Conway’s law
Conway’s law essentially states that the structure of a software system will reflect the structure of the organization that makes it.
I’ve seen this effect in small companies with little structure and who seem to be constantly “putting out fires.” This is probably the easiest one to point out, but the code base is often highly chaotic and unstructured. The opposite of that is that rigidly structured organizations have rigidly structured code.
I worked on a project once in a large, very hierarchically structured organization. Sure enough, the code base had a hierarchical structure where modules depended on other modules in a way that could almost be put into an organizational chart. Additionally, the company had divisions that interacted on a contractual basis as though they were seperate companies, and that extended to the software teams. Each team would integrate on a software “contract” basis, and it looked bad if one team “broke” that contract.
I remembered this again the other day when another developer was telling me of a manufacturing company that he worked for. He described how data was often processed from one database and stored in another, and at some point, a cron job would start a process that would pick the data up, do something with it, and store the results somewhere else for some other application. It sounded a lot like how a manufacturing plant works.
I’m sure there is a wide variety of reasons why Conway’s law happens, but I see a couple of primary reasons. One is that whatever theory of management a company implements will almost certainly extend to the software development management, as in my example of a hierarchical organization. The manufacturing example is potentially different. In the case of manufacturing software, I think that it could be the domain that results in the structure of both the management and the software. In the first case, the structure of the software was imposed upon it because it suited the management structure, and in the second case, both the management and the software are structured in order to support the business processes that need to happen.

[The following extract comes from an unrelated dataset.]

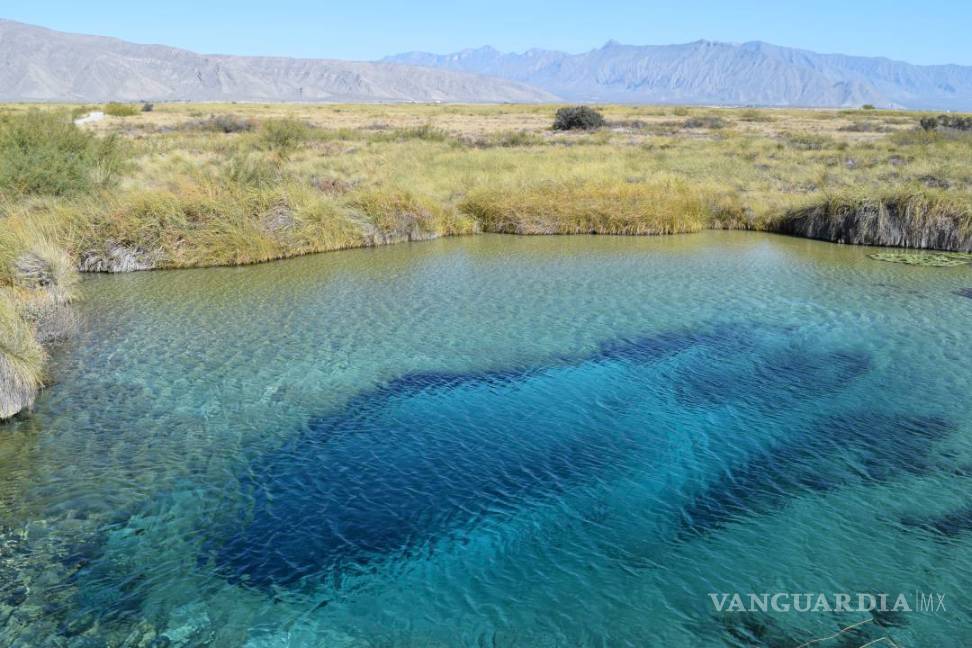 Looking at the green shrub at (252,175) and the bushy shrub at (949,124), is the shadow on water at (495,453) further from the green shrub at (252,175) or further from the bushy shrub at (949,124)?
the bushy shrub at (949,124)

August 3rd, 2008 at 5:56 pm
Hi,
Intriguing. I would expect to see the unstructured organization to have unstructured code. I would also have a compartmented organization to have compartmented software. But the manufacturing company thing blew my mind.
But I like your theory, and I think it may very well be the cause for this to happen.

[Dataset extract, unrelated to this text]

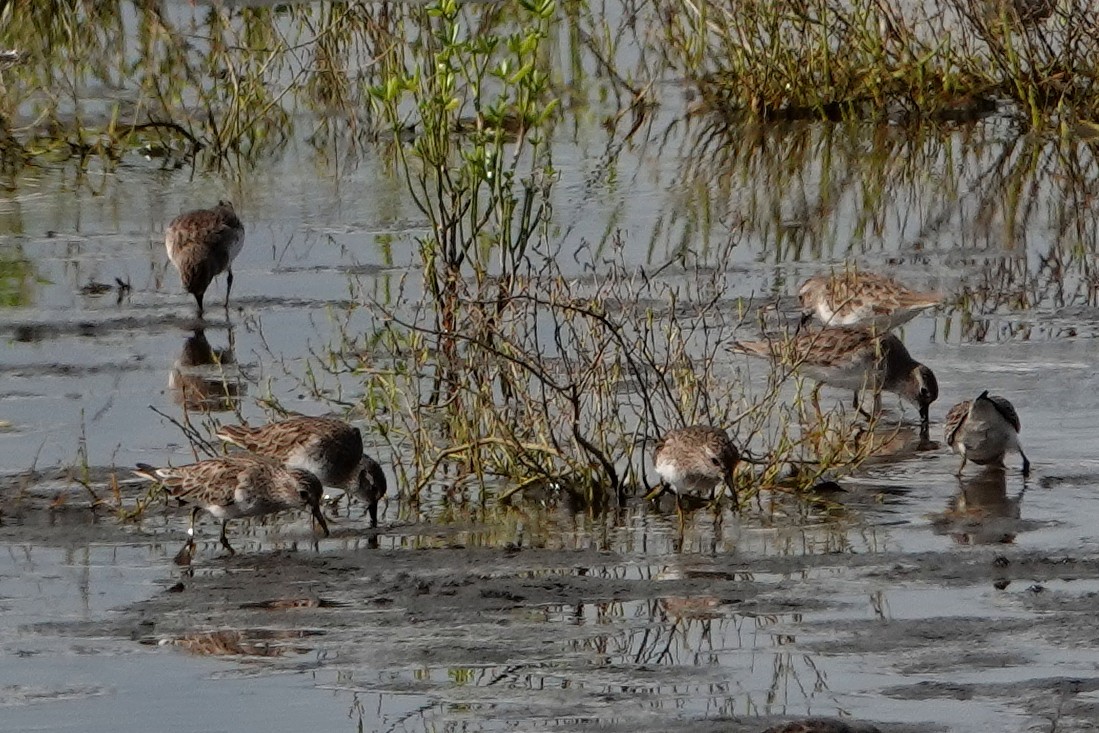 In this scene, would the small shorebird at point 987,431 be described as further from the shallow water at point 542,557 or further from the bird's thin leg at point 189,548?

August 4th, 2008 at 7:01 am
I have noticed this on a piece of software that I am working on. As soon as we have switched the way project is being managed, the code and the architecture started slowly drifting towards the new organizational structure.
My best guess is that different modules of the system get organized along the pathways of communication, compartmentalization happens wherever there is a bottleneck, and close integration naturally appears when you have the same team working on both components at the same time.
Having the same module developed by 2 teams that are on different sides of the ocean requires much more effort. So conservation of effort drives the project towards having 2 modules with well defined interfaces and are stable enough to keep required coordination down.